■ **TASK TO CARRY OUT**: Your reply should hold every record exactly as given, with no pictures in it.

Short text fragments from websites
---
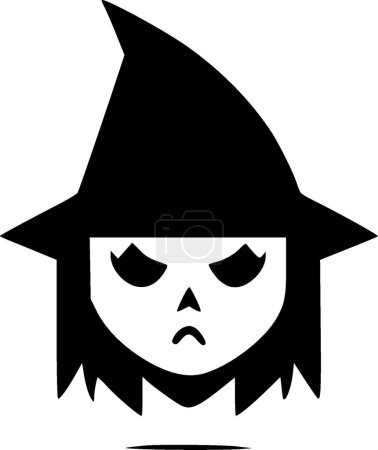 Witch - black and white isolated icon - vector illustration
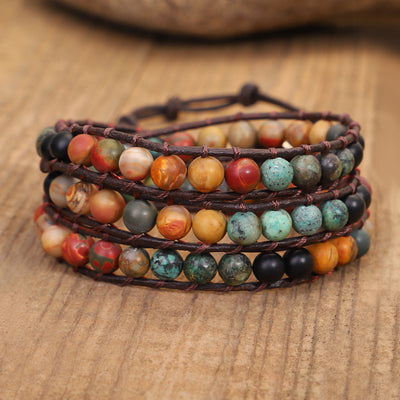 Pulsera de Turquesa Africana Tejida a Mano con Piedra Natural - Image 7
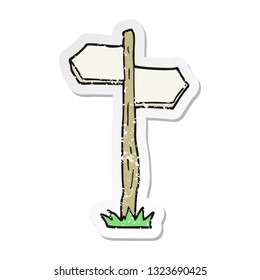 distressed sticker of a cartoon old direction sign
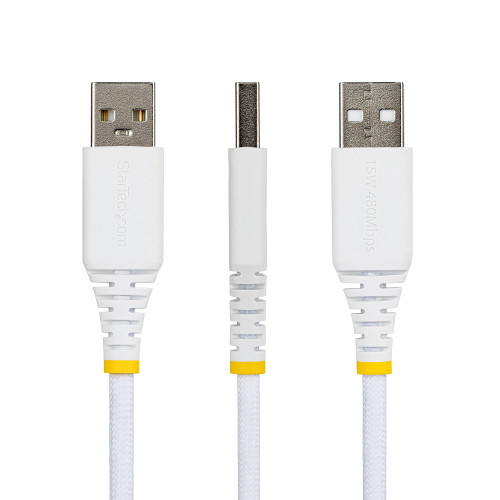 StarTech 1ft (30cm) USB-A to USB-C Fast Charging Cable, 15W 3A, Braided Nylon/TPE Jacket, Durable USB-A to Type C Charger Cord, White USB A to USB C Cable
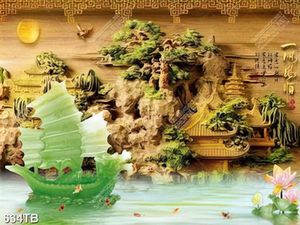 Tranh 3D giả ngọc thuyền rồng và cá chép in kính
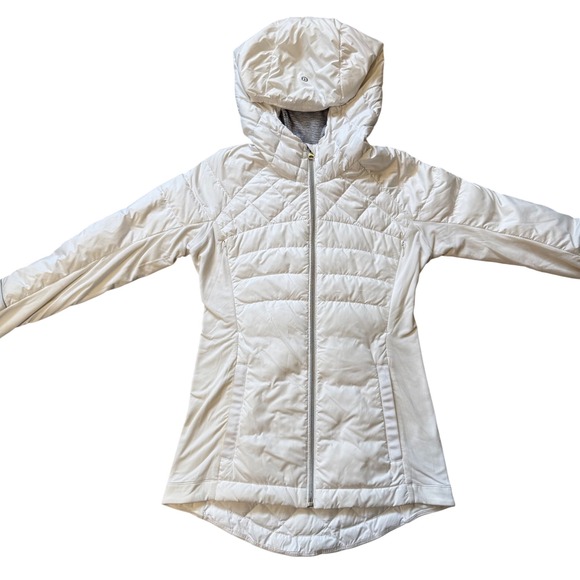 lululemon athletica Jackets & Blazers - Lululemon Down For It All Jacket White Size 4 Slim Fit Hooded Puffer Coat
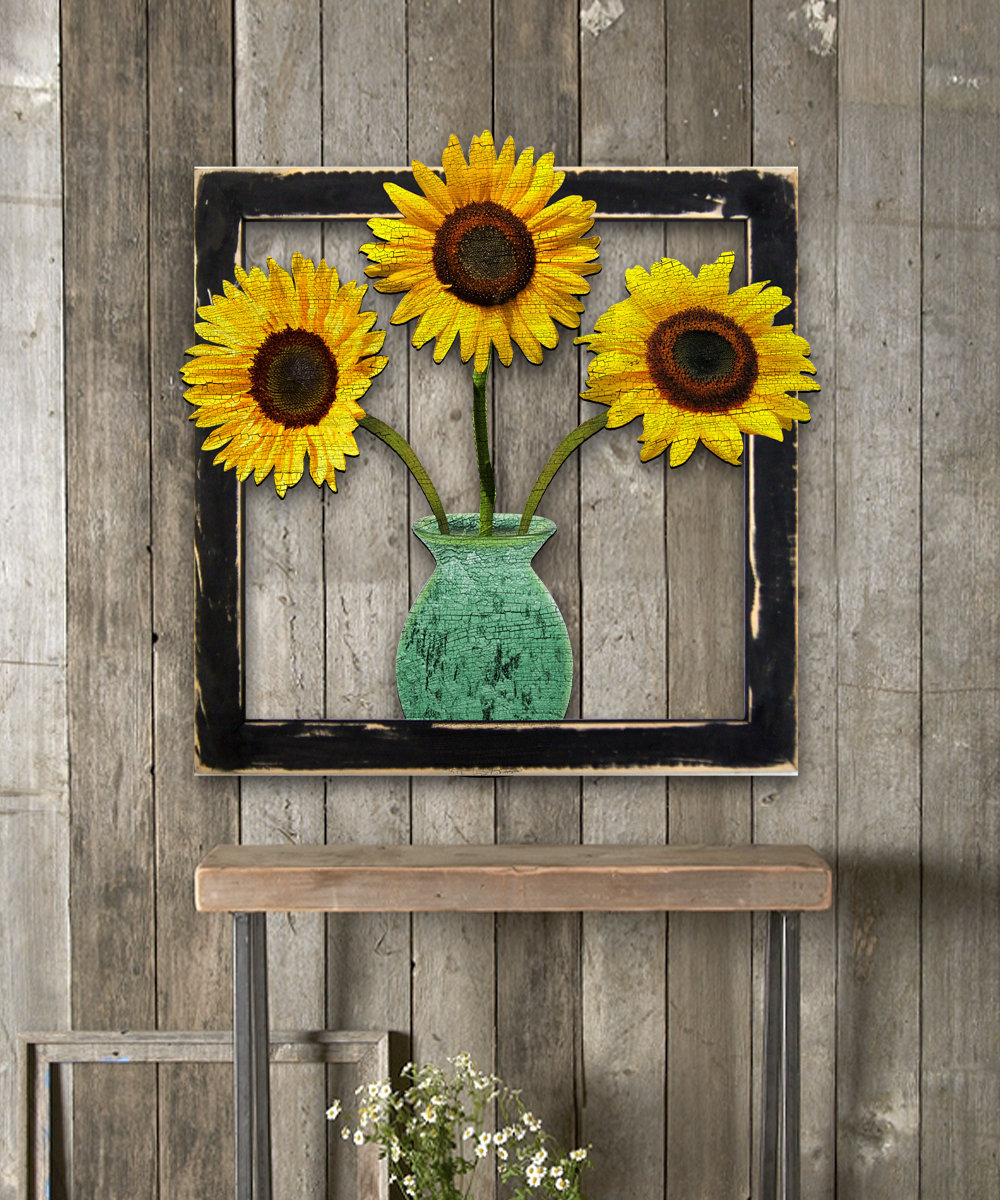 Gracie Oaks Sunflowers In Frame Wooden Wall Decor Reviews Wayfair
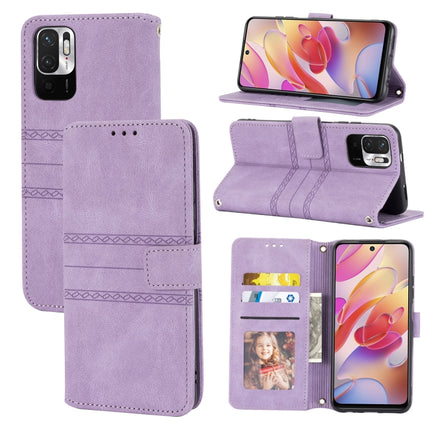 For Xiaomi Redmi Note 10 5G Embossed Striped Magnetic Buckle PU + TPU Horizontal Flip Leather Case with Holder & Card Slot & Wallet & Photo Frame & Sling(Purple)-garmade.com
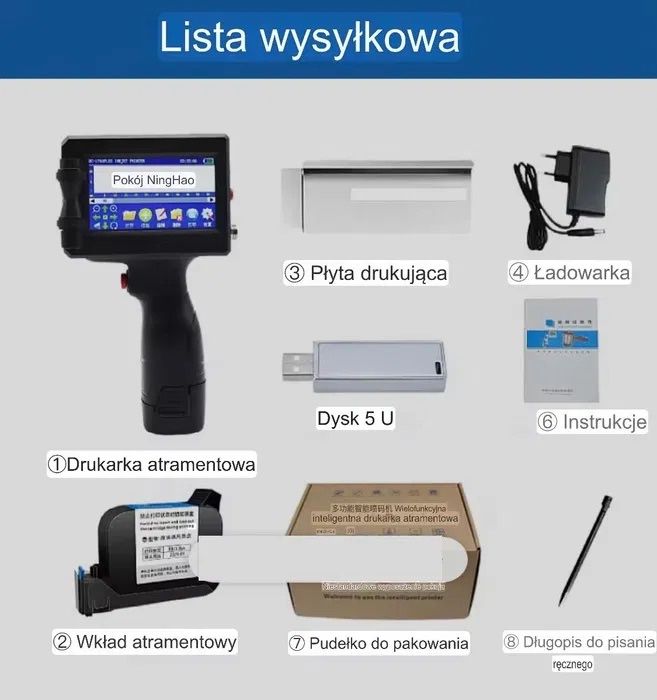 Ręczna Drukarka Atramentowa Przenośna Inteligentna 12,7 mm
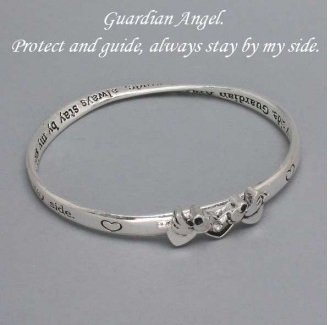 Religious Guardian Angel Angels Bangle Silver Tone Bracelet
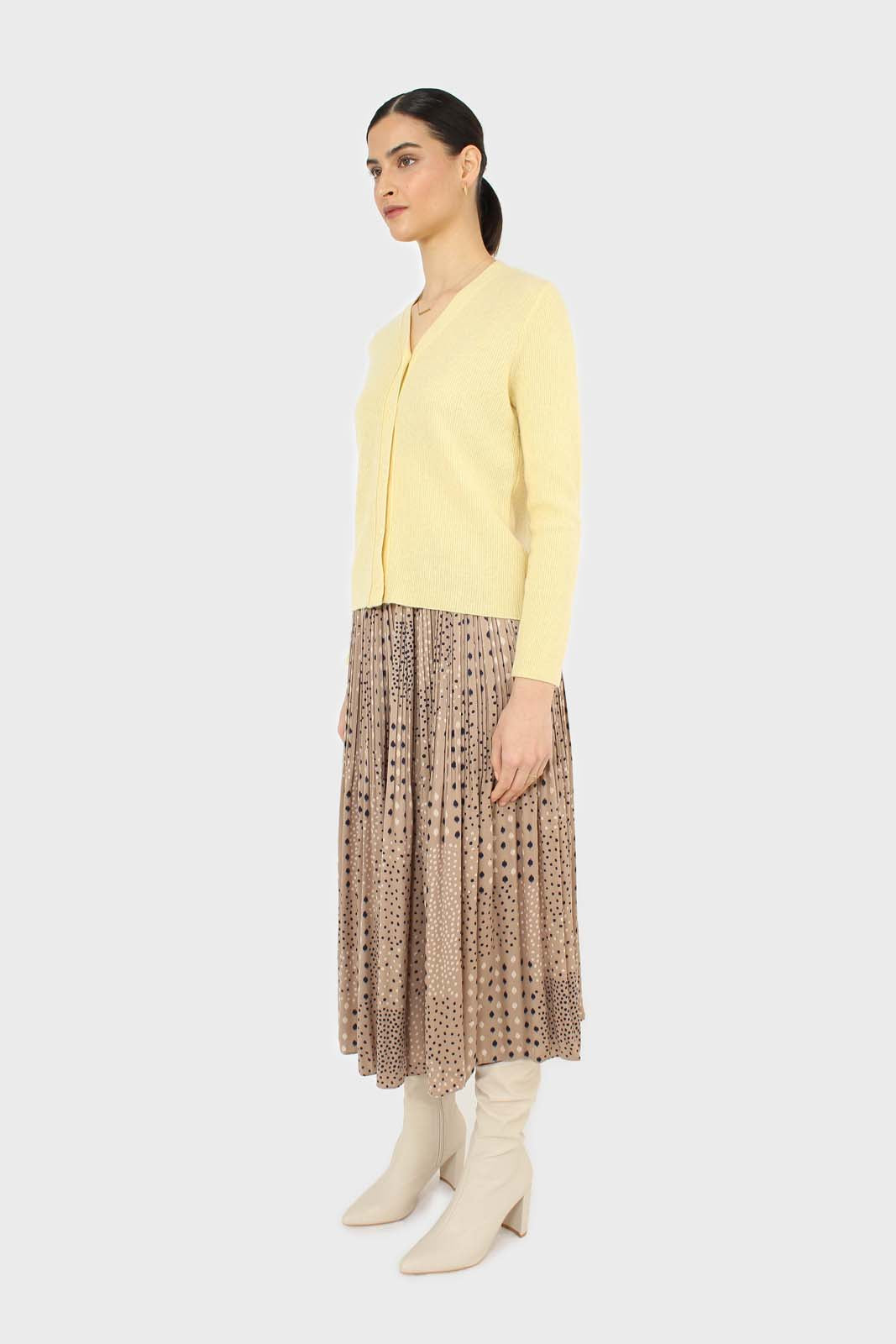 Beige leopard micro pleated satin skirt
---
■ **SOLUTION FOR THIS EXERCISE**:
 Witch - black and white isolated icon - vector illustration
 Pulsera de Turquesa Africana Tejida a Mano con Piedra Natural - Image 7
 distressed sticker of a cartoon old direction sign
 StarTech 1ft (30cm) USB-A to USB-C Fast Charging Cable, 15W 3A, Braided Nylon/TPE Jacket, Durable USB-A to Type C Charger Cord, White USB A to USB C Cable
 Tranh 3D giả ngọc thuyền rồng và cá chép in kính
 lululemon athletica Jackets & Blazers - Lululemon Down For It All Jacket White Size 4 Slim Fit Hooded Puffer Coat
 Gracie Oaks Sunflowers In Frame Wooden Wall Decor Reviews Wayfair
 For Xiaomi Redmi Note 10 5G Embossed Striped Magnetic Buckle PU + TPU Horizontal Flip Leather Case with Holder & Card Slot & Wallet & Photo Frame & Sling(Purple)-garmade.com
 Ręczna Drukarka Atramentowa Przenośna Inteligentna 12,7 mm
 Religious Guardian Angel Angels Bangle Silver Tone Bracelet
 Beige leopard micro pleated satin skirt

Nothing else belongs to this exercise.